Copy each line below that contains "Photo".

━━ Source data ━━

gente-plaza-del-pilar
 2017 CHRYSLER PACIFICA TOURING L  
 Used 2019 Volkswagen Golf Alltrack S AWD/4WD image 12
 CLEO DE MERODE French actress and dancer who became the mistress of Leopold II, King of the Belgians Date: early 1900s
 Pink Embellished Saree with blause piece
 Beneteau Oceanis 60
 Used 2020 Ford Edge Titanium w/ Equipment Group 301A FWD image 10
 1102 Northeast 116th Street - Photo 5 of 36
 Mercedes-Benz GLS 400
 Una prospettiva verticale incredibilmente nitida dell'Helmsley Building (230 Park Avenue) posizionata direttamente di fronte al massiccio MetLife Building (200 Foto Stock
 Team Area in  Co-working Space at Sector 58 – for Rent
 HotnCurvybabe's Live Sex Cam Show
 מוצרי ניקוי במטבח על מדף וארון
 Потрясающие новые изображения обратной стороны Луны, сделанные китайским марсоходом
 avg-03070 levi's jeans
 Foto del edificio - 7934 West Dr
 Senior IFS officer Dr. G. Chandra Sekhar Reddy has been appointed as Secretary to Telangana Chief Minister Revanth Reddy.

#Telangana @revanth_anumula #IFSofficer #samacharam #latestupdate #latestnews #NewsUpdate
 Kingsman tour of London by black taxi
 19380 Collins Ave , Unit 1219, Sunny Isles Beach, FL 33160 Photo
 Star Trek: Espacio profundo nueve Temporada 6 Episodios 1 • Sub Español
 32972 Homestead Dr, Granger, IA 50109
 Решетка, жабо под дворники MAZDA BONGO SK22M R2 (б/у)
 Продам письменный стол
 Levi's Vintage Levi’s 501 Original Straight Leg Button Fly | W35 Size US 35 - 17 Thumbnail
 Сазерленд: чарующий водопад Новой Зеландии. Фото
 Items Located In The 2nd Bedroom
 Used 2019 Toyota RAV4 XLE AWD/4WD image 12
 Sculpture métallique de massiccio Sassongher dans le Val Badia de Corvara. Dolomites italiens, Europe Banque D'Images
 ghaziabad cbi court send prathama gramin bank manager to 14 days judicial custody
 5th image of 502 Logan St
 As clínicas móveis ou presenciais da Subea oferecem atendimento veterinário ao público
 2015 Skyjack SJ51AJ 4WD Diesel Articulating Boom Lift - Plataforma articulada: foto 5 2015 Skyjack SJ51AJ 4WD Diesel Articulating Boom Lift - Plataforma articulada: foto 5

━━━

*Solution*.
 1102 Northeast 116th Street - Photo 5 of 36
 19380 Collins Ave , Unit 1219, Sunny Isles Beach, FL 33160 Photo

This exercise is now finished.